‘We want to keep pushing what we do with print,’ says Micha Weidmann (see Pulp 04), whose exemplary identities, as well as physical and digital designs, for fashion brands, property companies, galleries, luxury retailers and publishers (including online design magazine Dezeen, founded by the late Marcus Fairs) have earned the Swiss-born art director an impressive reputation among fellow designers.
His challenge, in designing a desirable printed invitation for Kim Jones’s debut couture show for Fendi in Paris, was to create a sense of anticipation when nobody had seen – or could see – the new collection.

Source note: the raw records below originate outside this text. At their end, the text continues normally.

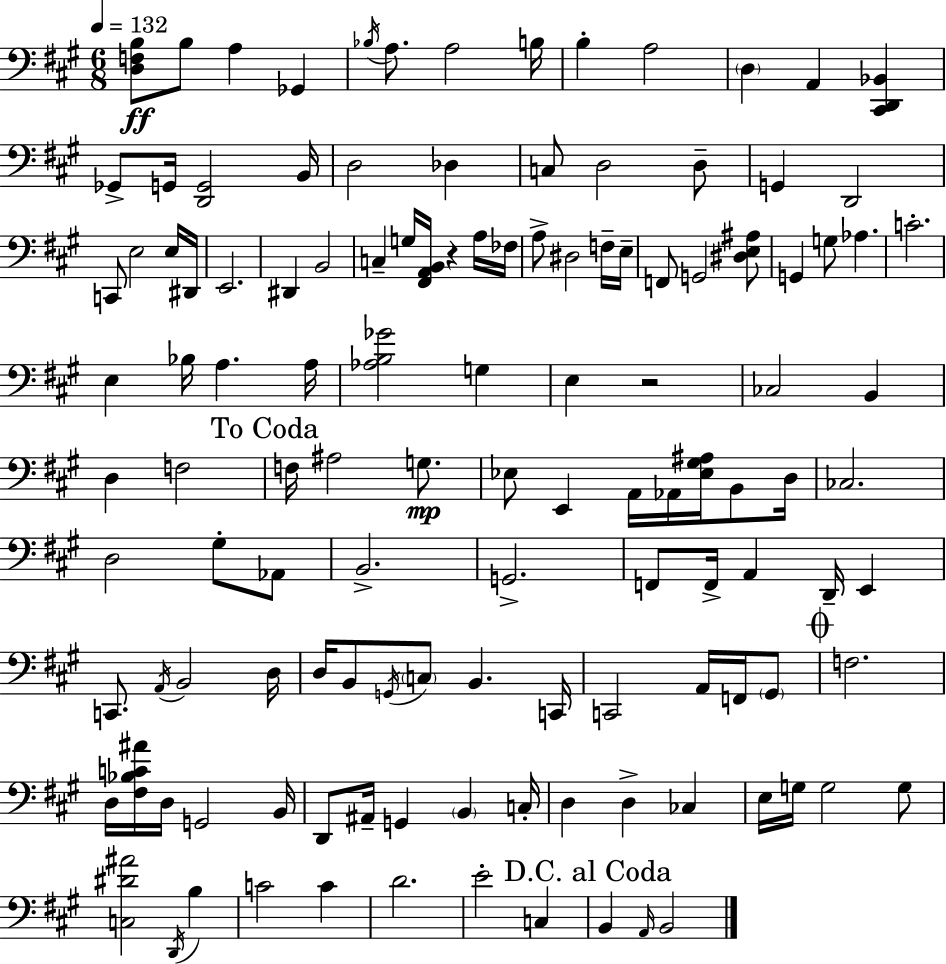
X:1
T:Untitled
M:6/8
L:1/4
K:A
[D,F,B,]/2 B,/2 A, _G,, _B,/4 A,/2 A,2 B,/4 B, A,2 D, A,, [^C,,D,,_B,,] _G,,/2 G,,/4 [D,,G,,]2 B,,/4 D,2 _D, C,/2 D,2 D,/2 G,, D,,2 C,,/2 E,2 E,/4 ^D,,/4 E,,2 ^D,, B,,2 C, G,/4 [^F,,A,,B,,]/4 z A,/4 _F,/4 A,/2 ^D,2 F,/4 E,/4 F,,/2 G,,2 [^D,E,^A,]/2 G,, G,/2 _A, C2 E, _B,/4 A, A,/4 [_A,B,_G]2 G, E, z2 _C,2 B,, D, F,2 F,/4 ^A,2 G,/2 _E,/2 E,, A,,/4 _A,,/4 [_E,^G,^A,]/4 B,,/2 D,/4 _C,2 D,2 ^G,/2 _A,,/2 B,,2 G,,2 F,,/2 F,,/4 A,, D,,/4 E,, C,,/2 A,,/4 B,,2 D,/4 D,/4 B,,/2 G,,/4 C,/2 B,, C,,/4 C,,2 A,,/4 F,,/4 ^G,,/2 F,2 D,/4 [^F,_B,C^A]/4 D,/4 G,,2 B,,/4 D,,/2 ^A,,/4 G,, B,, C,/4 D, D, _C, E,/4 G,/4 G,2 G,/2 [C,^D^A]2 D,,/4 B, C2 C D2 E2 C, B,, A,,/4 B,,2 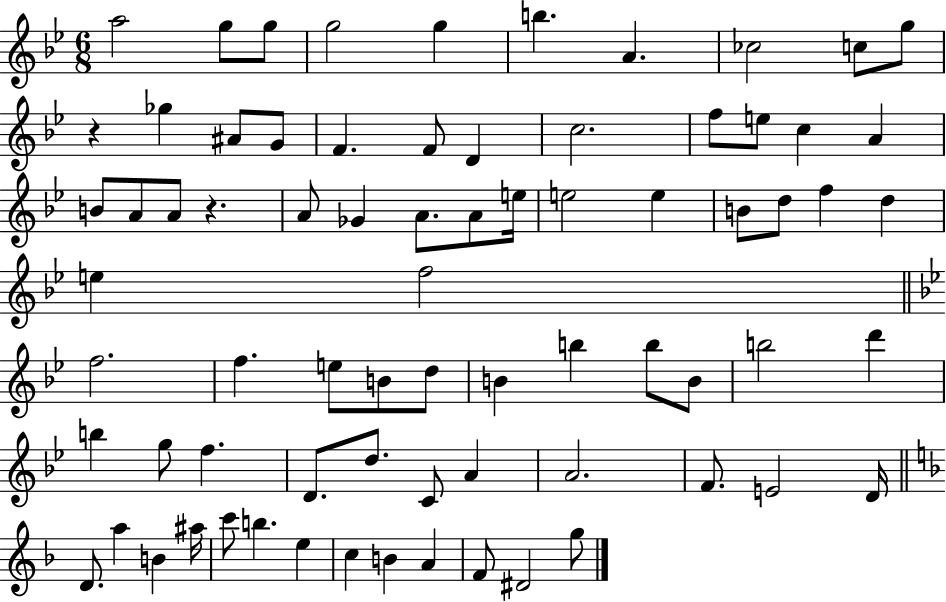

Weidmann made two invitations – one for online viewing (because of travel restrictions necessitated by Covid-19) and another for in-person attendees at the hotly awaited show. The covers and inserts were printed on Fedrigoni Arena Ivory rough, taking inspiration from the marbled covers and endpapers one sees in early twentieth-century books. Weidmann specified the details of manufacture in close collaboration with print consultant Murray Arbiter (ArbiterDrucken), with whom he has worked for almost two decades.
Weidmann stresses the ‘good manners’ involved in making a memorable, tactile invitation, with text, imagery, materials and finishing that reflects the ambitions of Jones’s work for Fendi. ‘It is couture, design informed by craftsmanship’ says Weidmann. ‘If we are not creative with paper, it will just join the list of things being replaced by digital.’